La commission observe également que le gouvernement considère que les fonctions confiées au personnel du GCHQ sont souvent identiques à celles qu'exercent les membres des forces armées travaillant dans le même domaine. Pour étayer cette assertion, le gouvernement s'appuie sur la décision de la Commission européenne des droits de l'homme dans le cas no 11603/85. Le gouvernement semble suggérer par là que l'exemption visant les "forces armées" à l'article 9 de la convention s'applique aux civils travaillant au GCHQ. La commission doit souligner à cet égard qu'elle a toujours estimé que les forces armées et la police constituent les seules catégories de travailleurs qui peuvent être exclus des garanties prévues par la convention (étude d'ensemble, paragr. 89). Dans ce contexte, seuls les travailleurs qui, aux termes de la législation ou de la réglementation nationale, sont considérés comme faisant partie des forces armées ou de la police peuvent être visés par l'exemption, ce qui ne semble pas être le cas des employés civils du GCHQ.

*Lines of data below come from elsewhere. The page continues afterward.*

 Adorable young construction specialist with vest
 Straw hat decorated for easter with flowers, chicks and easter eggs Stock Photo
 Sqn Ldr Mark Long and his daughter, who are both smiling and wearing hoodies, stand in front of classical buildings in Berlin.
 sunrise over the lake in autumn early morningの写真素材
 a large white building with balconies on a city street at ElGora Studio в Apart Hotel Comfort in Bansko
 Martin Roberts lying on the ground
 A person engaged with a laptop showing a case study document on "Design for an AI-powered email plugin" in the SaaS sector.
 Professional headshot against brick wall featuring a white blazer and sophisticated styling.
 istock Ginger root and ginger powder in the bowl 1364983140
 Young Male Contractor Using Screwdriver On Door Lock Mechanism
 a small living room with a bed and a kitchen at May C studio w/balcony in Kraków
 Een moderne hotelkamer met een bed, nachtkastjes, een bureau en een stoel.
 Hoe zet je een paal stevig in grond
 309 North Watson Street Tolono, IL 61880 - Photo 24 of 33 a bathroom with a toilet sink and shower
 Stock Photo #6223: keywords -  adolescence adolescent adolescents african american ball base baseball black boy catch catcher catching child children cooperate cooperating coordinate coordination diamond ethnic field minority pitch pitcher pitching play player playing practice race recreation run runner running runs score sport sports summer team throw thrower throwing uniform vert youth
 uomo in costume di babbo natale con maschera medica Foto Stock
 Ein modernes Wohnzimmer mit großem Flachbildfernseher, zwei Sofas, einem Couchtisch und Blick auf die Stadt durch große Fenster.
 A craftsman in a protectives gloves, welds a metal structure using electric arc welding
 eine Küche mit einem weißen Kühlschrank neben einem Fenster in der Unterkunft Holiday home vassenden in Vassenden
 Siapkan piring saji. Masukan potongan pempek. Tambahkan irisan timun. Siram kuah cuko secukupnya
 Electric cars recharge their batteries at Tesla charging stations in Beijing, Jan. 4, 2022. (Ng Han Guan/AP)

La commission observe avec regret que le gouvernement n'estime pas utile de reprendre les négociations avec les syndicats concernés. La commission reste persuadée que de telles négociations constituent le moyen le plus approprié de régler ce problème d'une manière compatible avec les exigences de la convention.
Au vu des commentaires qui précèdent, la commission ne peut que: 1) demander instamment au gouvernement de réexaminer sa position sur l'utilité de la reprise des négociations; et 2) réitérer que les travailleurs du GCHQ doivent avoir le droit de s'affilier à l'organisation de leur choix, conformément à l'article 2 de la convention.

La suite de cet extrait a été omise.